## What the task asks
The records below need to be repeated exactly, with every picture left out.

## Short descriptive text snippets
Segment Open

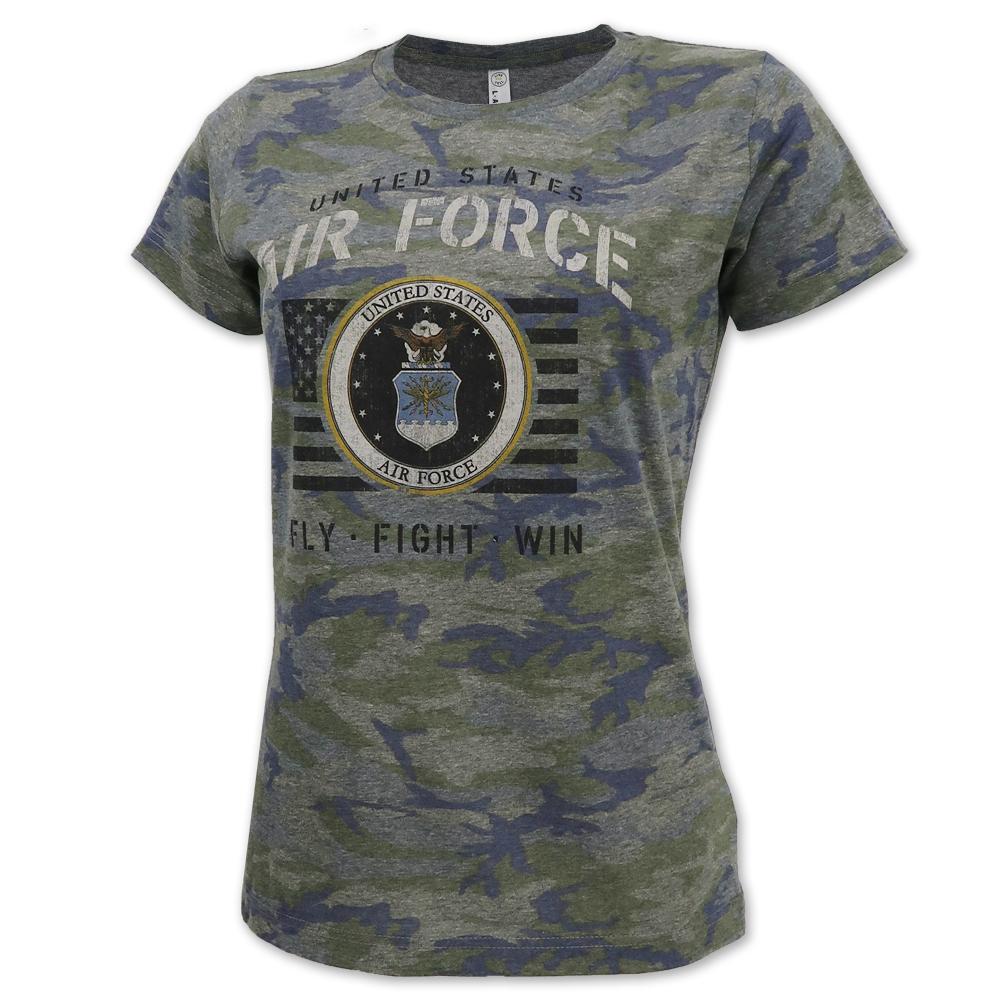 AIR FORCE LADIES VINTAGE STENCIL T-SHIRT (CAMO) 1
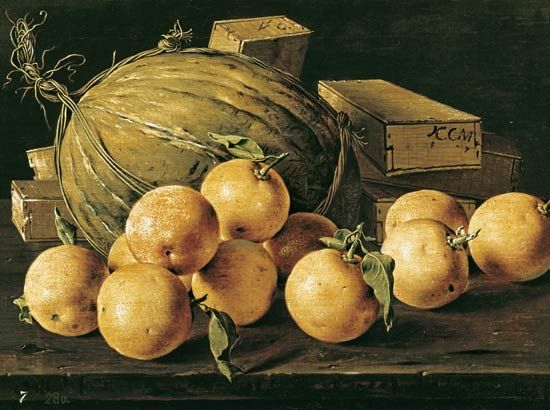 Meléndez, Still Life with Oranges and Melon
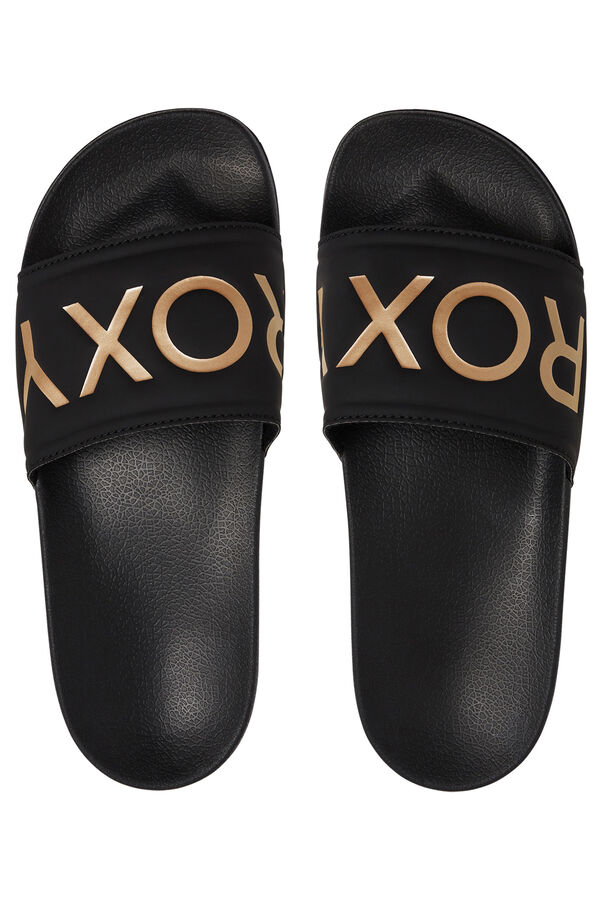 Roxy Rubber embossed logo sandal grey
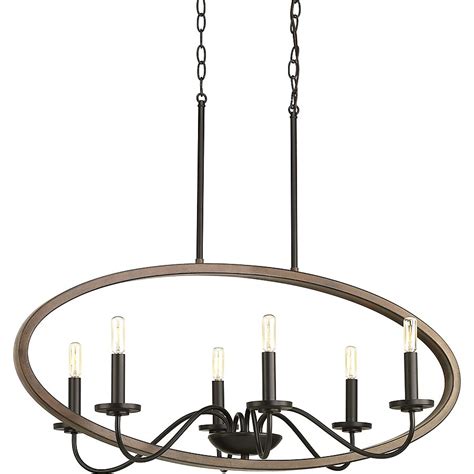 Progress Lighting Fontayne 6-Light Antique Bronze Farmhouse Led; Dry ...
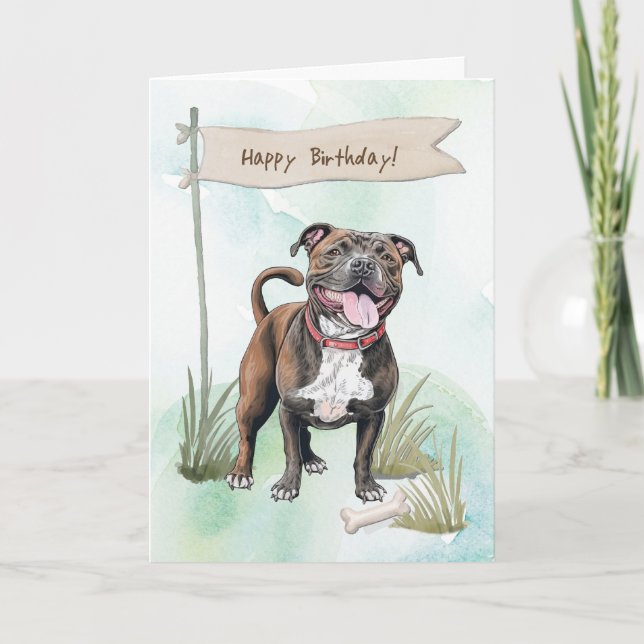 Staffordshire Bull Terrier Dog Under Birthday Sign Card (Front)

Segment Closed

## Problem solution
 AIR FORCE LADIES VINTAGE STENCIL T-SHIRT (CAMO) 1
 Meléndez, Still Life with Oranges and Melon
 Roxy Rubber embossed logo sandal grey
 Progress Lighting Fontayne 6-Light Antique Bronze Farmhouse Led; Dry ...
 Staffordshire Bull Terrier Dog Under Birthday Sign Card (Front)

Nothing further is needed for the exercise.